So, one of my jobs at Reason is to be the first (and, fairly often, last) pair of eyeballs on unsolicited article submissions. In case anyone cares, here are a couple things I tend to see over and over that influence whether I pass the submission on for further review. I have no idea how well that tracks the practice of people at other mags, so YMMV, but here they are:
- For the love of God, proofread your query. I expect that the final article is going to need some cleaning up; everyone’s does. But if there are elementary spelling or grammar errors in a two paragraph pitch, my confidence in the author’s ability to put together a salvagable piece is radically diminished.
- Think about length and format for the publication. If you send me a ten thousand word piece with footnotes, it had better be damn compelling: I’m going to look at it for about 10 seconds to see whether some kind of heavily redacted version might be appropriate, because we’re sure as hell not going to run it in anything like that form. Ditto if it’s a 500 word squib. Beyond the unsuitability for publication in that form, it signals that the author doesn’t know who he’s pitching or what a standard article for the periodical looks like.
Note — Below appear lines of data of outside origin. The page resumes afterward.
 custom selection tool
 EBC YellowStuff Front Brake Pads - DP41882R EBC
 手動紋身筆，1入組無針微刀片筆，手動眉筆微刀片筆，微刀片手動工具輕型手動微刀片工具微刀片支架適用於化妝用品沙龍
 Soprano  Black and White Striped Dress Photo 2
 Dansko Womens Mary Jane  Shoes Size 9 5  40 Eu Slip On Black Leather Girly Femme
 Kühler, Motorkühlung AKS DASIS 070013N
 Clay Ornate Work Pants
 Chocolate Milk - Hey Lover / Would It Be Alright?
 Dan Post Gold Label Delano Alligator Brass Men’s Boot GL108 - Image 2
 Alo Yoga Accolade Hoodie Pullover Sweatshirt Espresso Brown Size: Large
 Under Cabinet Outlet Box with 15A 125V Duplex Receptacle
- Do some research. There are a million bloggers putting out 800 words of offhand thoughts they had after seeing a news story. Even if it’s not a reported piece, strictly speaking, you’ve got to throw in some value-added that makes it stand out.
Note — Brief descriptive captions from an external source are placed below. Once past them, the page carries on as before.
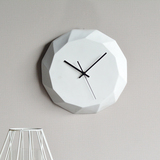 创意树脂电池挂钟客厅装饰品现代简约圆形14英寸时钟卧室挂饰摆件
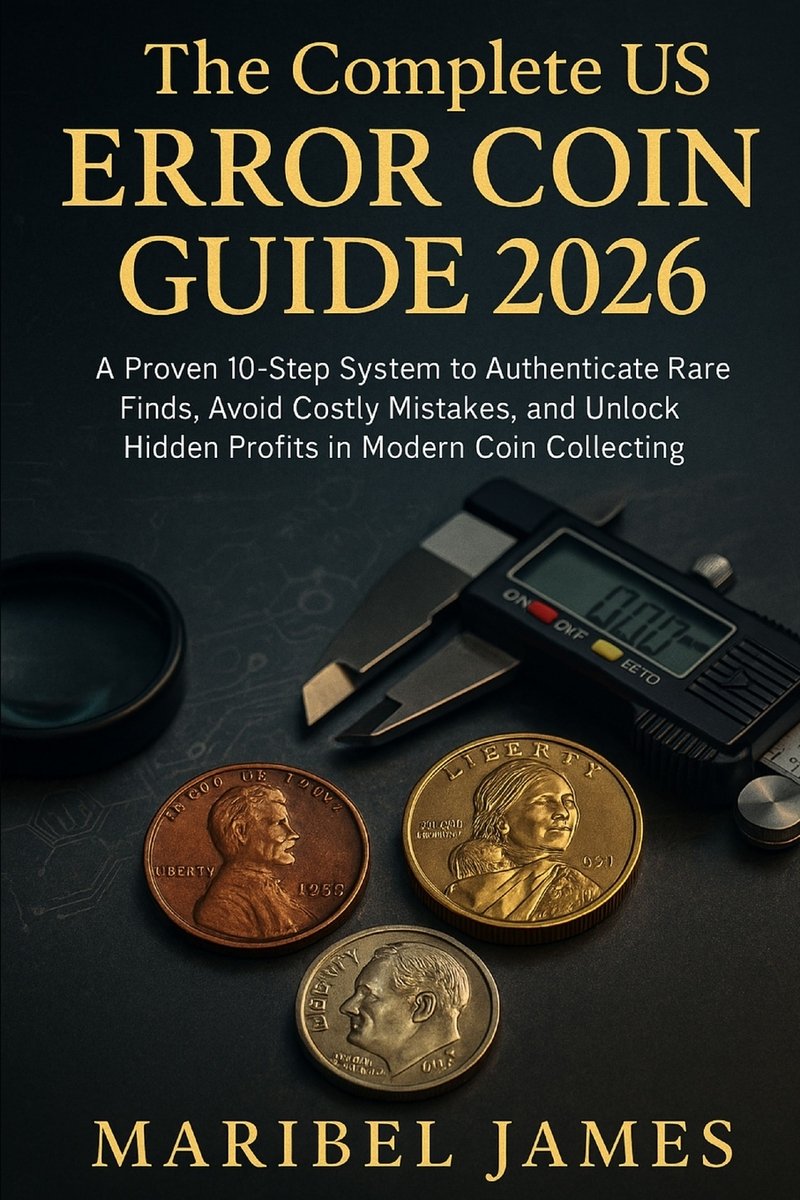Error Coin Books The Complete US Error Coin Guide 2026 a book by Maribel James ...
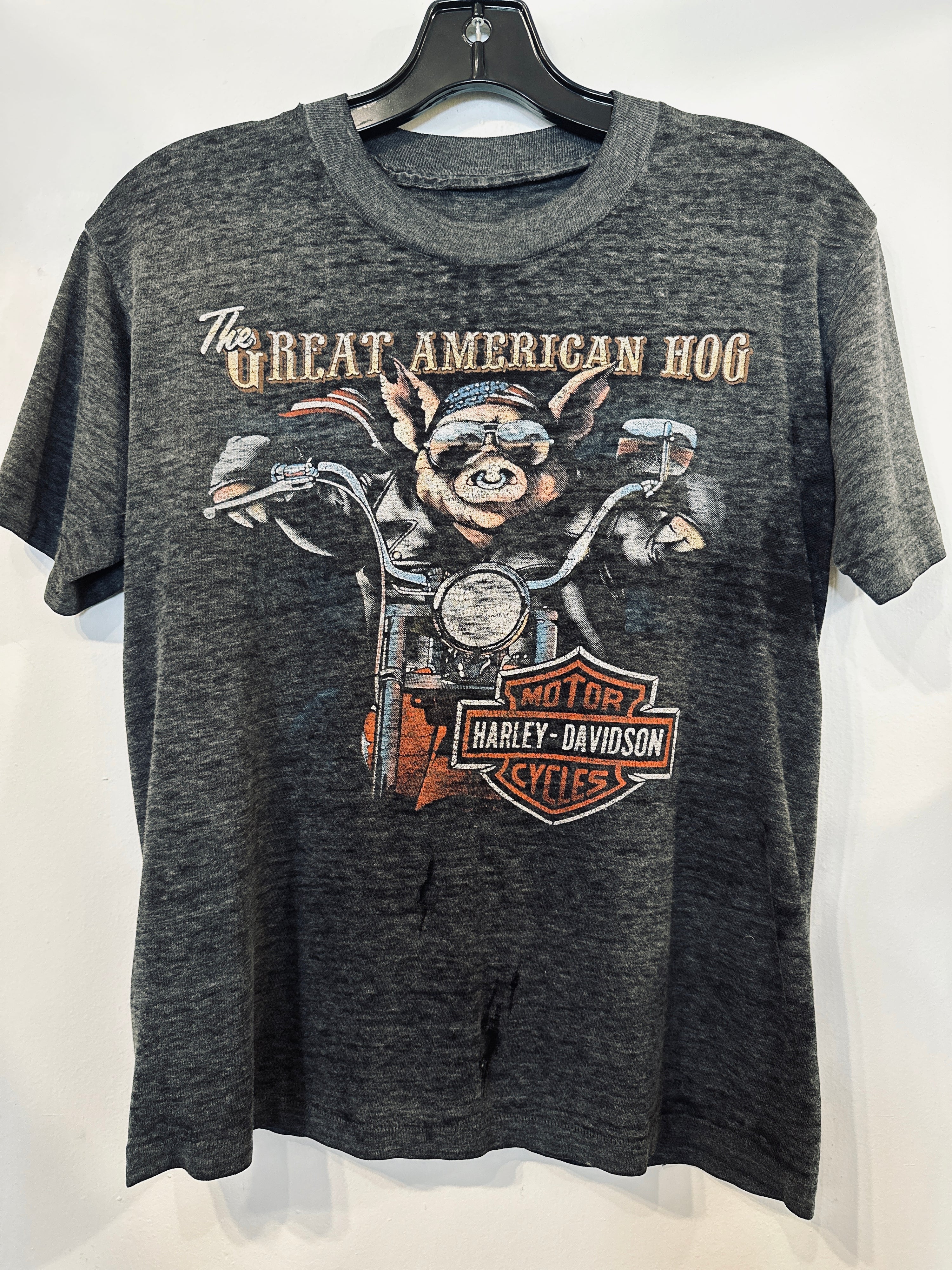 RARE Great American Hog Harley Vintage Tee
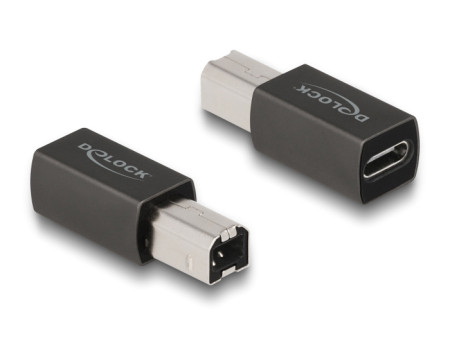 DELOCK αντάπτορας USB-C θηλυκό σε USB Type-B αρσενικό 65839, γκρι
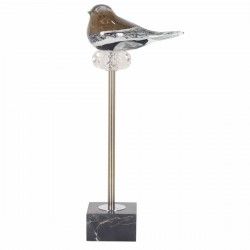 Figurine Décorative DKD Home Decor Verre Marbre Oiseau (18 x 10 x 42 cm)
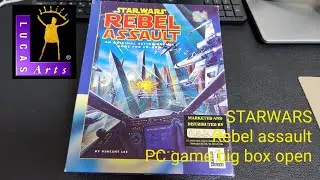 1993 starwars rebel assault big box pc game package open (lucas arts) /  스타워즈 레벨어썰트 박스오픈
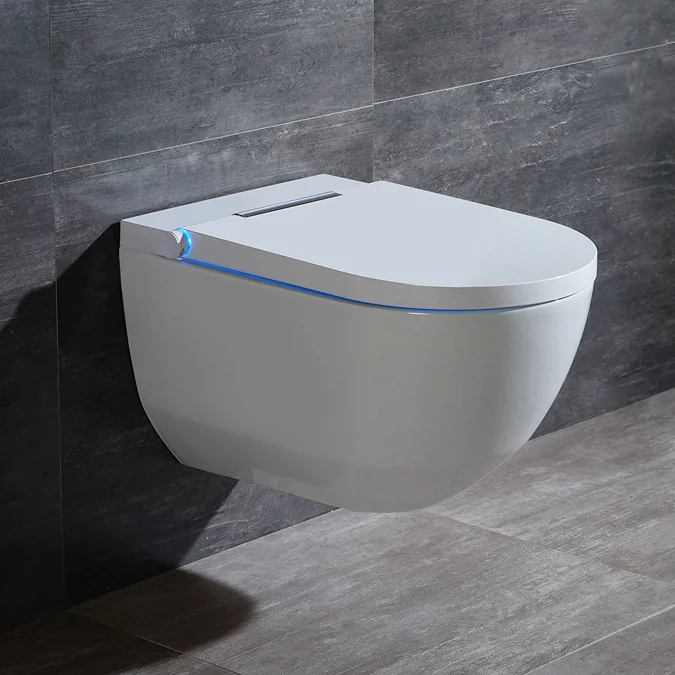 [451CvFree.FE322 BW] Free Toilet Wall Hung RimX * Backwash *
- Find a news hook. Even if you want to make a general point about policy or politics or even philosophy that’s timeless, they do call them “periodicals” for a reason. Hook abstract points to concrete—ideally recent—cases.
- Think about who you’re writing for. Obviously, Reason is looking for stuff that appeals to a libertarian audience; it shouldn’t be necessary to say that most pieces that’d be appropriate in, say, The Nation aren’t going to work for us. But there’s a slightly less obvious corrolary: We’re also not going to run a piece making the Econ 101 case against the minimum wage, because that’s going to be old hat for 90 percent of our audience. Hell, the most flaming liberal—one engaged enough to be reading political magazines, anyway—will be familiar with that argument.
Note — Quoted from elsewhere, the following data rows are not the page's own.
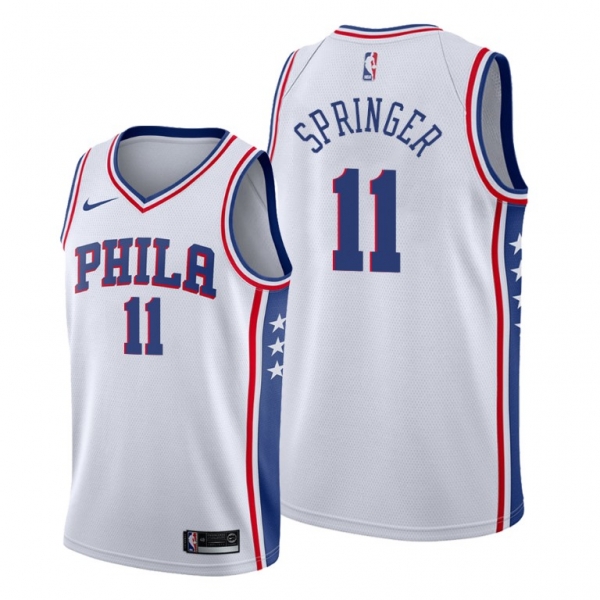 Jaden Springer 2021 NBA Draft Philadelphia 76ers White Classic Edition Jersey #11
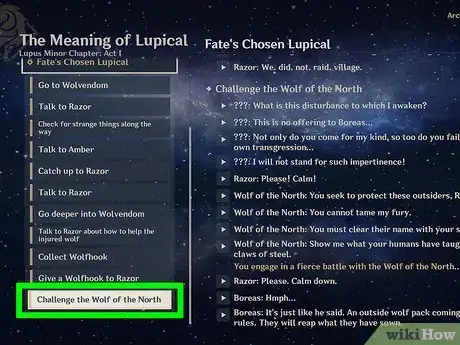 Image titled Complete the Wolf of the North Challenge (Genshin Impact) Step 1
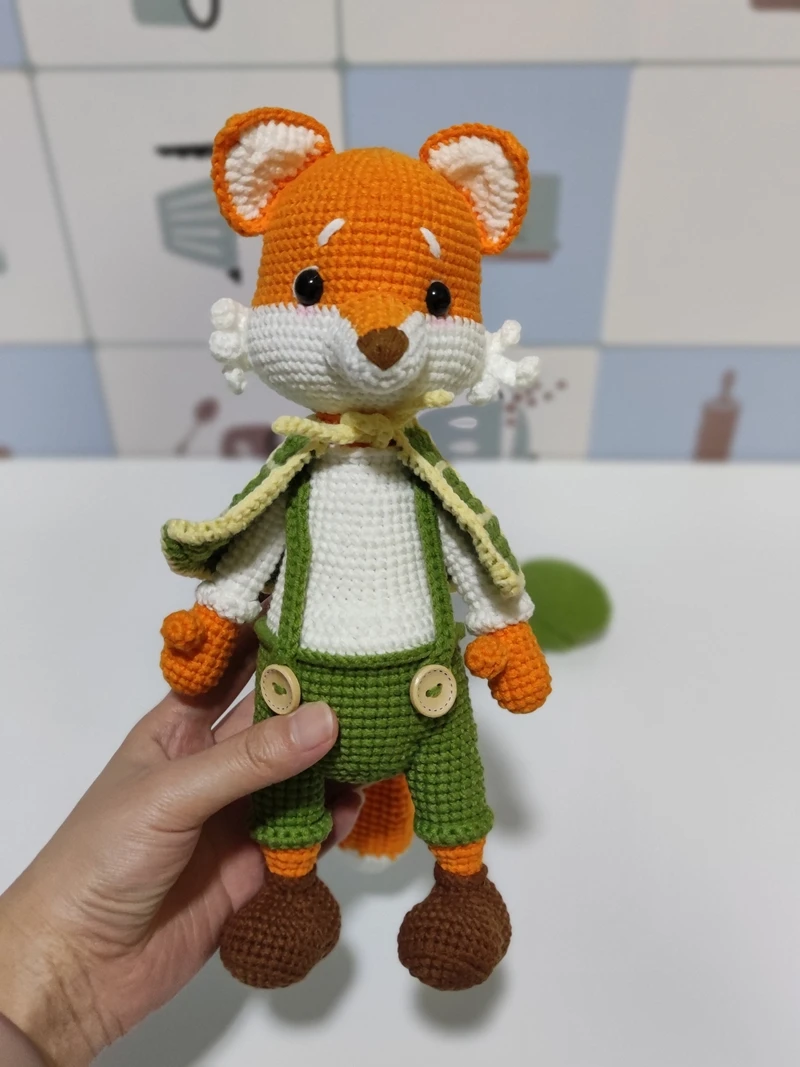 Factory Customized Handmade doll Amigurumi Crochet Fox Toys
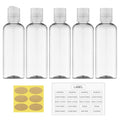 Travel Bottles for Toiletries 3.4 oz by HOME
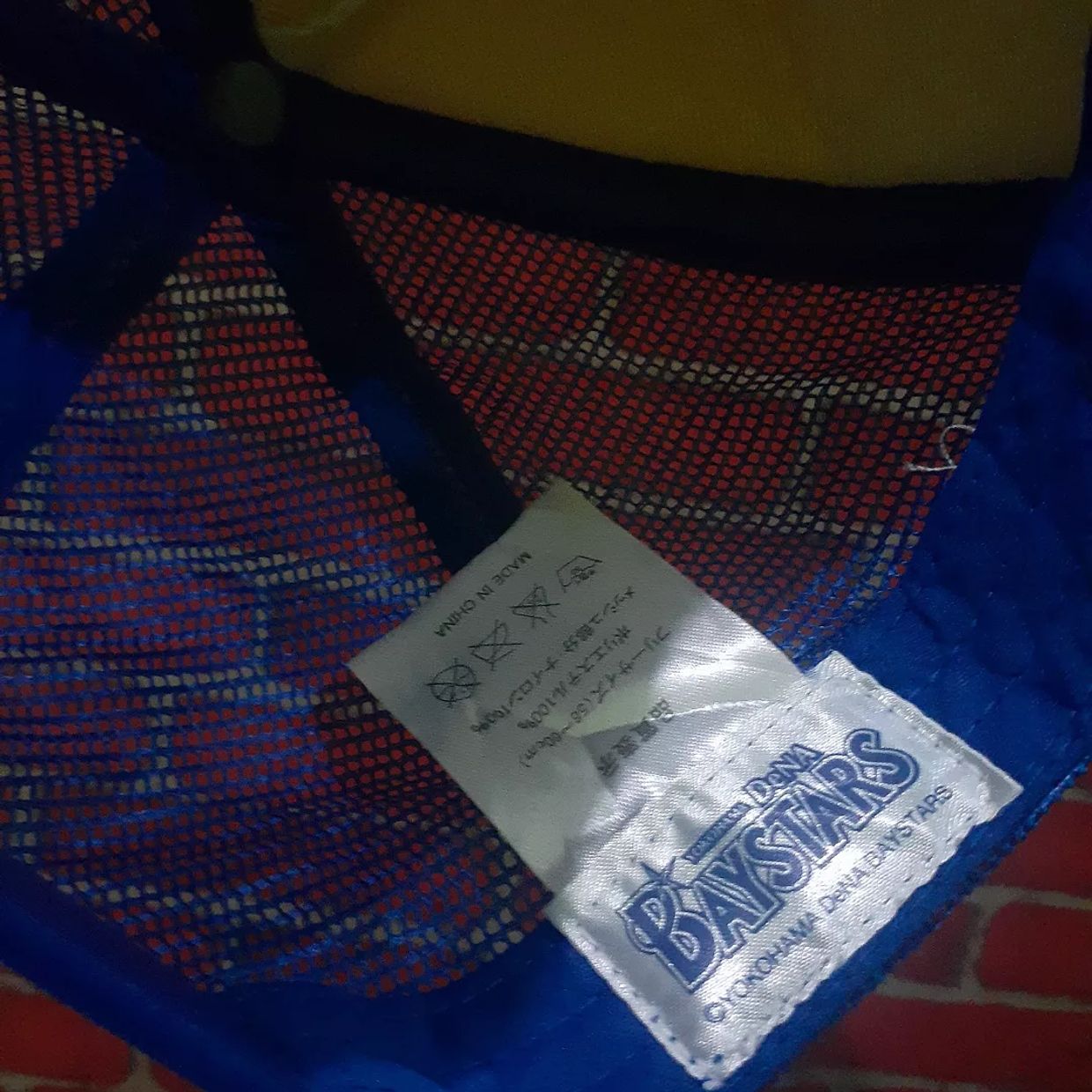 Vintage Y2K Hat Pria white blue, foto 5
- Remember how in Mrs. Grundy’s third grade English class, she warned you against using the first person—especially the dreaded “I”—in essay writing? And then someone later on, maybe high school, explained what rubbish this was, how the best writers do this all the time, and how hewing to that rule produces ludicrous workarounds like “this author” or “your correspondent” when it’s impossible not to make reference to the writer? Well, they were both on to something, and for a lot of journalistic writing, it probably makes sense to keep Mrs. Grundy in mind, if only because so many people seem tempted to make their pieces into personal essays when it’s inappropriate given the subject matter. If your personal experience regarding the subject matter is strongly pertinent and interesting, fabulous. But if you’re writing about Social Security reform and framing it in terms of the conversation you were having in the kitchen with your wife as it was being discussed on CNN, or your reflections as you were driving your son to soccer practice about how much better he’d do with a personal account… well, give it a second thought.
That’s just what’s coming to mind right now; doubtless there are others. Despite what I said in the intro, I expect on reflection that many of these do generalize for other publications, mutatis mutandis. Anyway, I hope someone finds this useful.